Qualunquemente. Un lungo sketch di Albanese

par Tommaso Battimiello
venerdì 11 febbraio 2011

Ritornato in patria dopo anni di latitanza all’estero, Cetto la Qualunque si vede costretto a difendere il suo piccolo paesino da un’ondata di legalità che si estende a macchia d’olio minacciando le sue proprietà abusive. Per contrastare una così grave minaccia Cetto si convince a candidarsi come nuovo sindaco, per impedire al suo avversario, l’onesto cittadino De Sanctis, di prendere il controllo della città e instaurare un clima legalitario. Alla fine riuscirà a vincere la sua battaglia utilizzando, ovviamente, tutte le scorrettezze possibili e immaginabili.
 
Antonio Albanese compie il passo, coraggioso ma azzardato, di portare sul grande schermo il suo personaggio apparso per la prima volta nel programma della RAI “Non c’è problema” e poi consacrato dagli appuntamenti serali di “Mai dire”.
 
Nei panni di Cetto, Albanese veste i panni del politico italiano corrotto e senza scrupoli, attingendo a piene mani dalla figura che personifica ormai da decenni la malapolitica italiana: quella dell’imprenditore pronto a tutto, deciso ora a “scendere” in politica per cambiare le regole del gioco a suo esclusivo vantaggio.
 
Innanzitutto c’è da dire che quello che doveva essere il perno del film, il suo nucleo più vivace, e cioè proprio il personaggio di Cetto, finisce con l’essere il suo grande difetto.
 
Non viene messa certo in dubbio l’interpretazione di Albanese, ottima e sentita come sempre, ma nella trasposizione sul grande schermo il suo personaggio ha sicuramente perso parecchio smalto, risultando ormai l’ombra di quello che era in televisione.
 
La pellicola, alla maniera di “Che bella giornata” o “Cado dalle nubi” di Checco Zalone, punta tutto sulla verve comica e sull’estro dell’attore protagonista, ma i risultati, in termini di umorismo, sono sotto gli occhi di tutti.
 
In “Qualunquemente” si ride di rado, sembra di assistere ad un lungo, troppo lungo, e alla fine forzato sketch di Albanese, circondato, sì, da ottimi attori, ma non da altrettanto validi personaggi.
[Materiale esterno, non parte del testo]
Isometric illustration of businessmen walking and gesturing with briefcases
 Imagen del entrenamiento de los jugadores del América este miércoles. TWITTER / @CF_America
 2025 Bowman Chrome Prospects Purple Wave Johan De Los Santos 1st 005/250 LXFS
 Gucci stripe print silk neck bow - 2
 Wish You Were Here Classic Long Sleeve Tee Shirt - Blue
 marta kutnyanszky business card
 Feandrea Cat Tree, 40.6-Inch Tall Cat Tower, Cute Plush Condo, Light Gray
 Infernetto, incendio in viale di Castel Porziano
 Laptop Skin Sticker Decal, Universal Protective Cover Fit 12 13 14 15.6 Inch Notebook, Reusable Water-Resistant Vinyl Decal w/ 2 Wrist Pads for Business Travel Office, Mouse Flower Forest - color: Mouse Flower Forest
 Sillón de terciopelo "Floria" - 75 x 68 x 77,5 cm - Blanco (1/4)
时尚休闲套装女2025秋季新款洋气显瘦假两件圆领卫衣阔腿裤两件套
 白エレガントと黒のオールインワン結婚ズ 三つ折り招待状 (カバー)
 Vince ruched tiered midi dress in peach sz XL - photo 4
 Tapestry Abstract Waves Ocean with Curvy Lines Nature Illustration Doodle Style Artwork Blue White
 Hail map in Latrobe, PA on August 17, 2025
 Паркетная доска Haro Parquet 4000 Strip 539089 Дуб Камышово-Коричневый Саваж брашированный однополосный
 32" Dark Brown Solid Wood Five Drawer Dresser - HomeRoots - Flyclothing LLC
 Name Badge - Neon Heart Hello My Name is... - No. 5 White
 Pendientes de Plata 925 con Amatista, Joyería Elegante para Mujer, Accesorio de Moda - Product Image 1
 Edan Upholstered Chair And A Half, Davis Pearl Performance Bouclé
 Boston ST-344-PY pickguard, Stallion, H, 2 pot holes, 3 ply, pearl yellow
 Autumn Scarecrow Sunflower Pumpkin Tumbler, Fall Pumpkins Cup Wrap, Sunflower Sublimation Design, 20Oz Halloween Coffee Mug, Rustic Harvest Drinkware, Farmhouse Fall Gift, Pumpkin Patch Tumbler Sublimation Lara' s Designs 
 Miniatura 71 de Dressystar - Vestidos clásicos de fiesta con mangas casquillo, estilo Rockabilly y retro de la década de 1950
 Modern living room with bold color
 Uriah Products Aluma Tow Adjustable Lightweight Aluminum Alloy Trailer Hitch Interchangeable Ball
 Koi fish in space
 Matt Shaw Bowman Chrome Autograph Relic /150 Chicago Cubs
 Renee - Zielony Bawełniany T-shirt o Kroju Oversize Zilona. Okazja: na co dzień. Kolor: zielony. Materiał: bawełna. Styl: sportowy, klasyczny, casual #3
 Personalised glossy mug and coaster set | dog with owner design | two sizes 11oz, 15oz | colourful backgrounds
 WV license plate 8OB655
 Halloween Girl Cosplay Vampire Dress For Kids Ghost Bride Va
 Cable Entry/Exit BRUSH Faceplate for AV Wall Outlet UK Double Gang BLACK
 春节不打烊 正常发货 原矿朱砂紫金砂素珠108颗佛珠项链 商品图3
C’è una differenza abissale, ragionando sempre e solo in termini di umorismo (e non “comicità”) fra quella “culturalmente scorretta” di Zalone e quella “politicamente scorretta” (o forse fin troppo corretta, verrebbe maliziosamente da pensare), la prima perfettamente integrata in una sceneggiatura che finisce con l’amplificarla a dismisura, e la seconda, che conferisce al film un terribile monostilismo.
 
C’è però da specificare che, come ha confermato lo stesso Albanese, il vero obiettivo del film è quello di mettere in ridicolo la politica corrotta e produrre, quindi, una riflessione disincantata ma non realista di uno dei mali atavici del nostro paese. A questo punto, la mancanza della “risata” potrebbe essere perdonata in vista di una maggiore profondità, ma quello di Albanese è un soggetto, almeno per chi ha seguito le “gesta” di Cetto prima di vederlo sul grande schermo, già esaurito e privo di qualunque variazione sul tema. La miniera d’oro di Albanese si è ormai esaurita.
 
Per rinforzare la sfilacciata struttura narrativa si è costretti a ricorrere al personaggio di Gerardo "Gerry" Salerno (Sergio Rubini), deus ex machina che istruirà Cetto sull’antica arte di vincere elezioni.
 
“Qualunquemente” è un film che nulla aggiunge al personaggio di Cetto ma, anzi, ne fornisce un’immagine opaca e consumata rispetto alle sfavillanti e geniali prime performance di Albanese. Un film monotono e sopravvalutato, che ha racimolato un incasso esagerato dovuto per una gran parte ad una capillare e quasi martellante campagna pubblicitaria.